- Ik zei toch dat ze nog iemand mee zou nemen zegt J. Er hangt een rare sfeer in het wijkcentrum. A. is toch nog plotseling overleden, A. met wie ik vorige week nog even een praatje maakte. Ze schuifelde altijd binnen met haar rollator. Ze voelde zich niet zo best, zei ze. Een dag later is ze overleden. Het blijft gek: iemand die er ineens niet meer is.
Ik liep het winkelcentrum uit en zag een bekende. Die vroeg aan mij of ik wist wat er gebeurd was. Er stond net een massa mensen bij het spoor. Nu hoor ik dat er iemand voor is gesprongen. Pal boven de visboer. Een jongeman van 25 weet de ene te vertellen. Nee, hij was veertig, zegt een ander. Armen en benen lagen overal.
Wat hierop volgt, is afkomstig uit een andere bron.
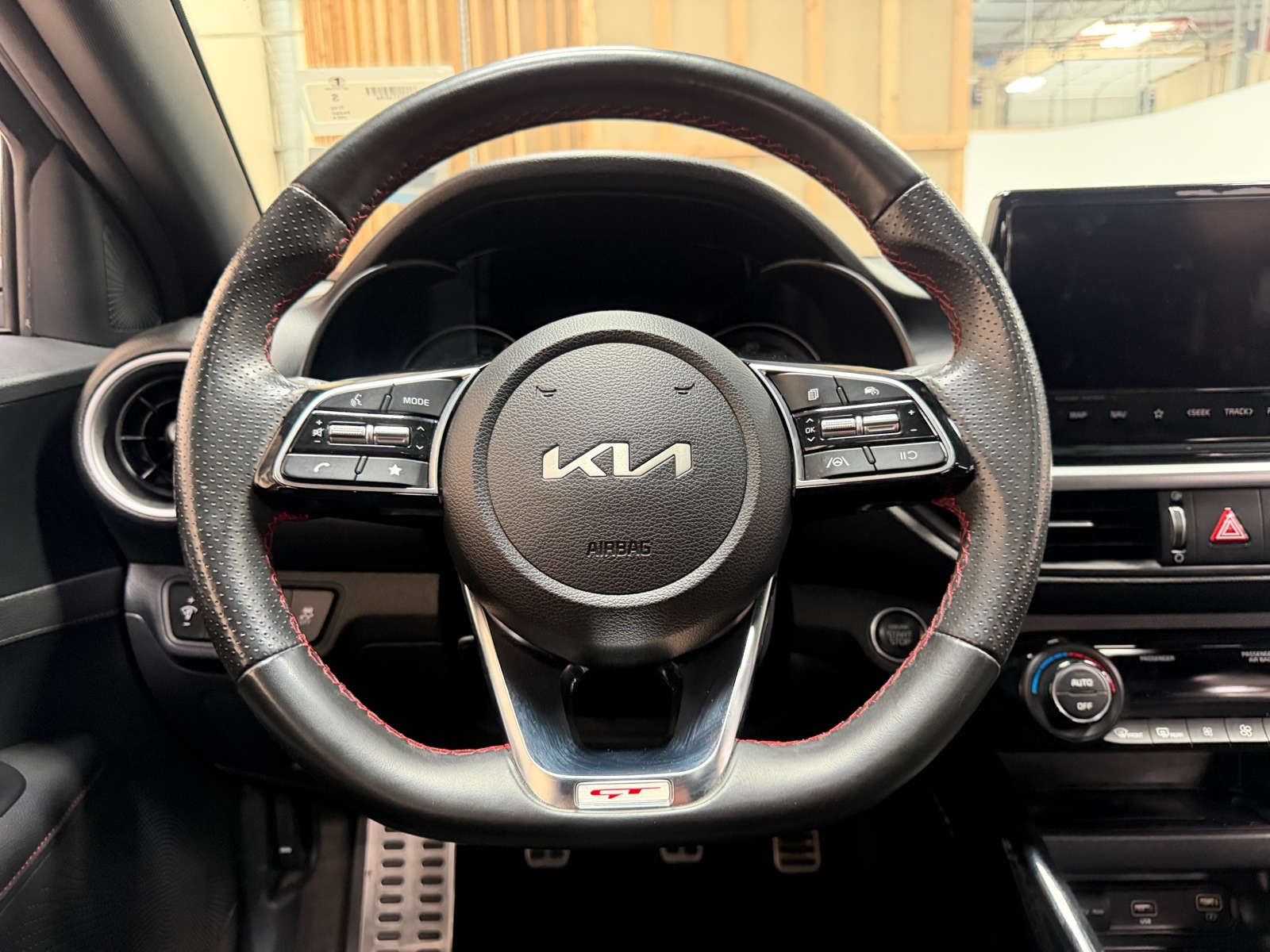 Thumbnail: 2024 Kia Forte - 4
Er stonden een paar jongeren bij, die niet meer konden stoppen met spugen.
Een oud-collega loopt binnen. Tien jaar geleden ofzo voor het laatst gezien. Ik herkende hem bijna niet. Ach ja, hij was een achterneef van A. Hij was net bij haar geweest. Ze lag mooi opgebaard. Het was druk. A. heeft een weekend boven de grond gelegen en dan zegt de volksmond dat er nog een sterfgeval in de buurt zal zijn. Die jongen dus, die voor de trein is gesprongen.
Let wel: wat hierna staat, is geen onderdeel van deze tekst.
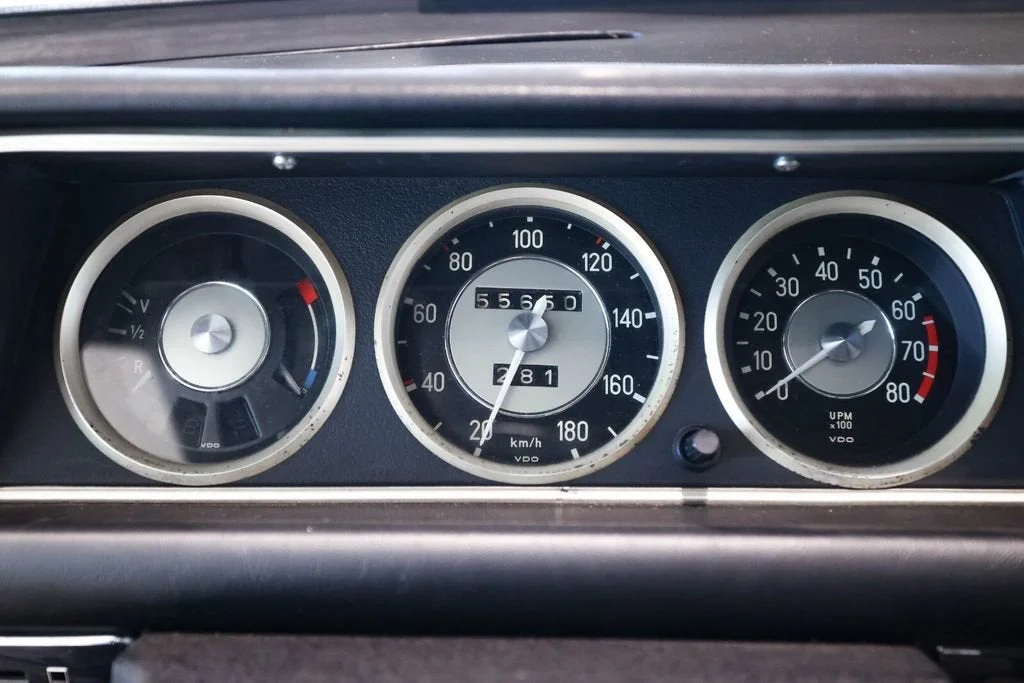 Used 1970 Silver BMW Cabriolet image 18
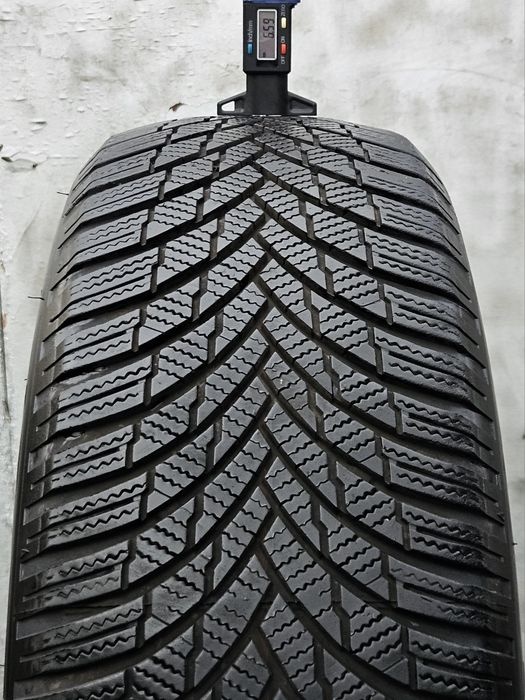 215.60.17 шини зимові Bridgestone 215.60.r17 резина зимова 215.60.r17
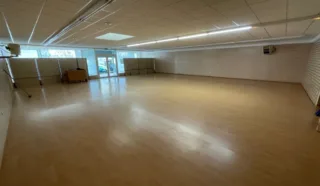  LOCAL COMMERCIAL 265 m² PLOEMEUR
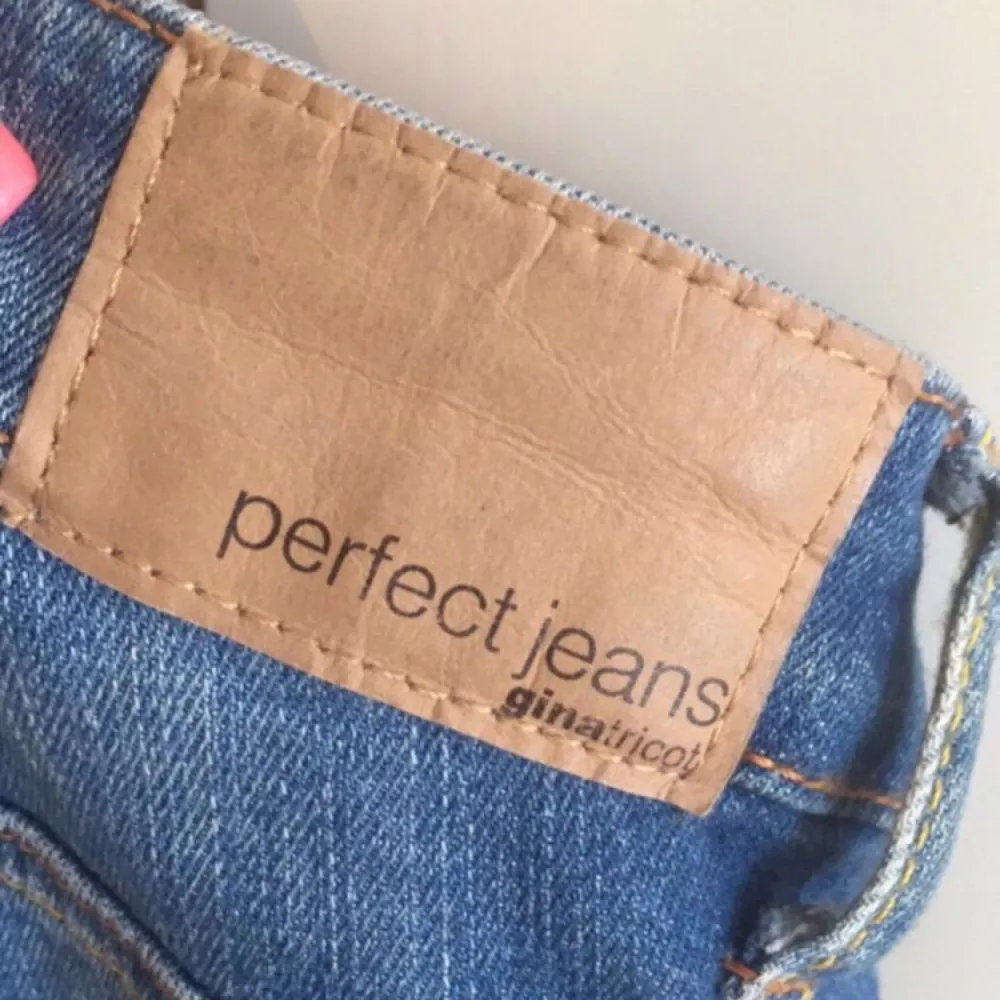 lisa jeans i storlek 36 inköpta på gina tricot för 399:-. Jeans & Byxor.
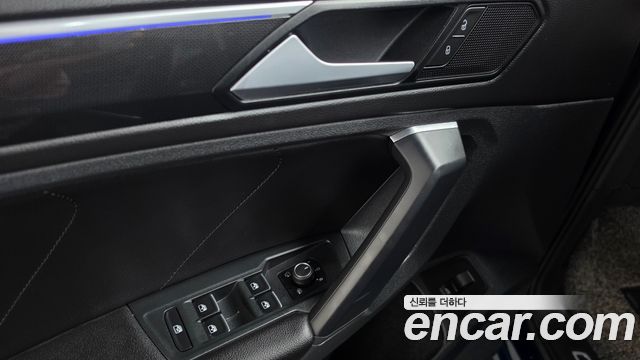 Volkswagen Tiguan 2022 — photo 25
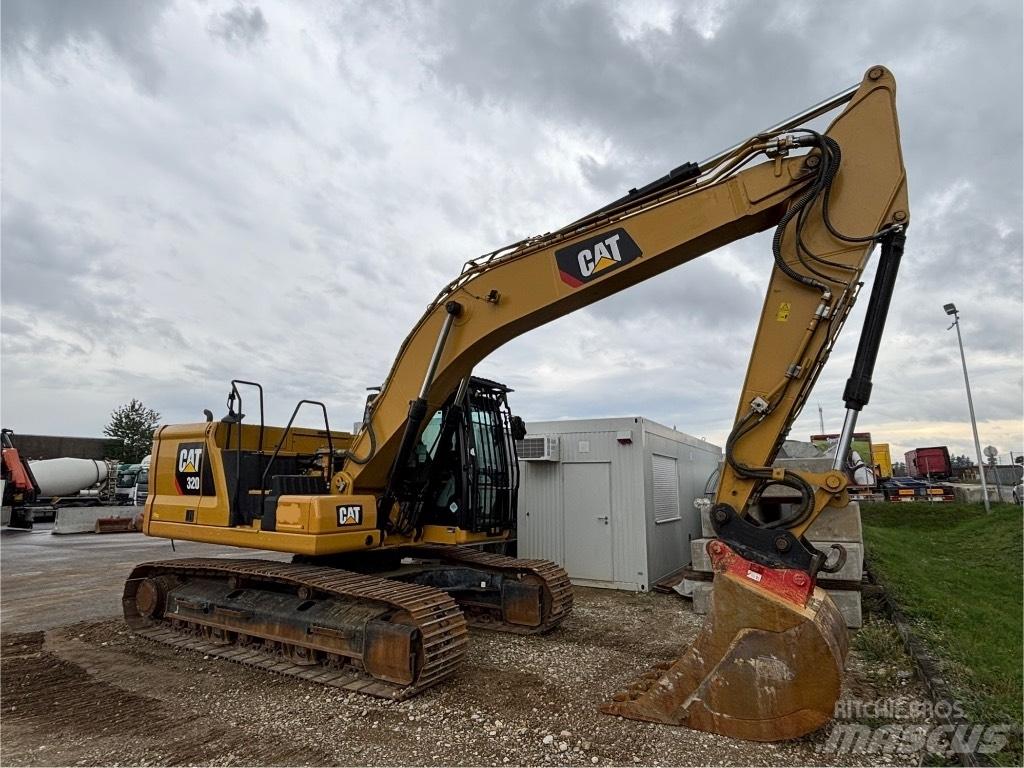 CAT 320 履带挖掘机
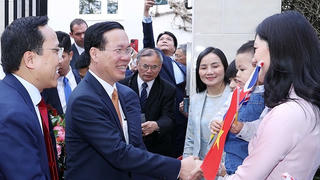 Chủ tịch nước thăm cộng đồng người Việt tại Anh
Poe, het voelt als een dunne lijn tussen leven en dood. Leven is vanzelfsprekend, totdat... 'Ben je wezen kijken, bij A.? Nee, R. was niet geweest. 'Dit zijn al drie doden in de maand', zegt B. Mischien moet ik maar effe hier niet meer komen. De ene na de andere gaat de pijp uit.' De kaarters zitten bijna in een grote kring met elkaar: 'Misschien motten we nu maar een foto maken. Als er eentje dood gaat, dan weten we wie het is.'
Even maar een ander onderwerp. Het cliché is het enige wat waar is; het leven gaat tenslotte dóór: het is ontzettend verleidelijk om steeds maar met Sammie bezig te zijn. Zo heb ik mijn smartphone maar genoemd. Hij woont in een zelfgebreid hoesje, een soort slaapzakje, aaaah.... In feite doe ik vooral maar eén ding: hem volladen met mooie muziek en stemmen. Nou heb ik er bijvoorbeeld weer Anouar Brahem opgeladen. En Jessy Norman. En zomaar wat liedjes van vroeger. Luisteren en soms is een keertje genoeg en dan wis ik het weer. Er is een soort van criterium: wat ik behoud, is muziek die ik in de natuur wil blijven horen: In een bos lopen, in mijn tent zitten, op een duinpan staan met... Zolang het me gegeven is.